Troubleshooting guide

This is a guide for investigating errors and performance issues, with the goal of resolving the issue or generating a high-quality issue report.

How to use this guide:

  1. Scan through Specific scenarios to see if any of these applies to you. If any do, follow the instructions in the subsection.
  2. Scan through General scenarios to find which scenario(s) applies to you. If any do, follow the instructions to update your instance or collect information for the issue report.
  3. If you cannot resolve the issue on your own, file an issue on the Sourcegraph issue tracker with the collected information. Enterprise customers may alternatively file a support ticket or email [email protected].

Specific scenarios

Scenario: search and code pages take a long time to load

If this is the case, this could indicate high gitserver load. To confirm, take the following steps:

  1. Open Grafana.
  2. If using Sourcegraph 3.14: Simply check if either of these alerts are firing:
    • gitserver: 50+ concurrent command executions (abnormally high load)
    • gitserver: echo command execution duration exceeding 1s
  3. If using an older version of Sourcegraph:
    • Go to the Sourcegraph Internal > Gitserver rev2 dashboard.
    • Examine the "Echo Duration Seconds" dashboard (tracks the src_gitserver_echo_duration_seconds metric) and "Commands running concurrently" dashboard (tracks the src_gitserver_exec_running metric). If either of these is high (> 1s echo duration or 100s simultaneous execs), then this indicates gitserver is under heavy load and likely the bottleneck.
  4. Confirm your gitserver is not under-provisioned, by e.g. comparing its allocated resources with what the resource estimator shows.

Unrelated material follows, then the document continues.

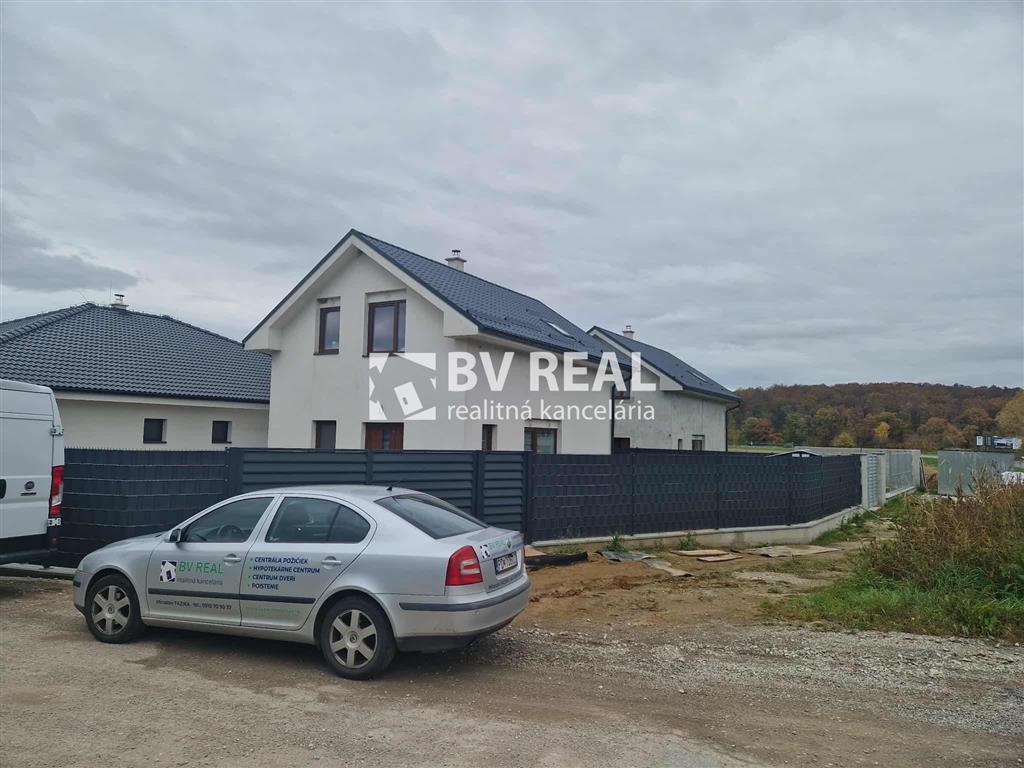 bv real na predaj novostavba obec hradište fm2354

Solution: set USE_ENHANCED_LANGUAGE_DETECTION=false in the Sourcegraph runtime environment.

Scenario: no cloning, syncing, updating or deleting is happening

Observed state: Sourcegraph instance does not react to any updates to code hosts and no cloning is happening. The cause of this state could be repo-updater queries that are too large for the limits of the running Postgres DB. One symptom is seeing a line like the one below in the repo-updater logs:

t=2020-05-28T18:41:02+0000 lvl=eror msg=Syncer error="syncer.sync.store.upsert-repos: delete: driver: bad connection

or seeing the same error in the "Code host status panel" (Clicking the cloud icon).

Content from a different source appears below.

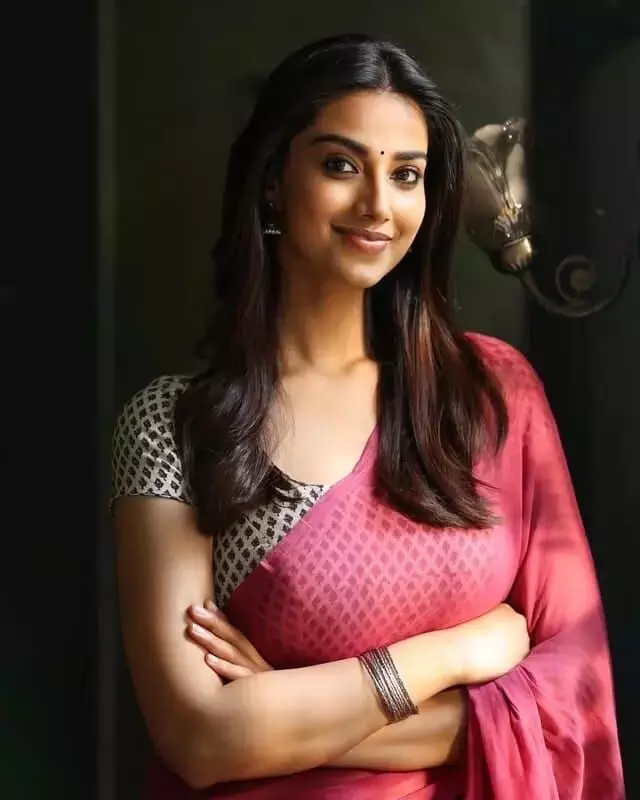 Meenakshi Chaudhary: మెగా 158లో మీనాక్షి చౌదరి? బాబీ-చిరు ప్రాజెక్ట్లో క్రేజీ రోల్.. Meenakshi Chaudhary: మెగా 158లో మీనాక్షి చౌదరి? బాబీ-చిరు ప్రాజెక్ట్లో క్రేజీ రోల్..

The fix is to increase the memory on Postgres DB which will increase certain Postgres-internal limits and will allow the queries from repo-updater to go through.

Another cause could be that the repo-updater is in a crash loop for some reason. If there are large numbers of repos to be updated it could be from Out of memory errors. A fix here is to increase the memory for repo-updater instead.

General scenarios

This section contains a list of scenarios, each of which contains instructions that include actions that are appropriate to the scenario. Note that more than one scenario may apply to a given issue.

Record the following information in the issue report:

  1. Reproduction steps
  2. A screenshot of the error page or error message
  3. The output of the browser developer console
  4. Log output while reproducing the issue
  5. Sourcegraph configuration
  6. When was the most recent update or deployment change applied?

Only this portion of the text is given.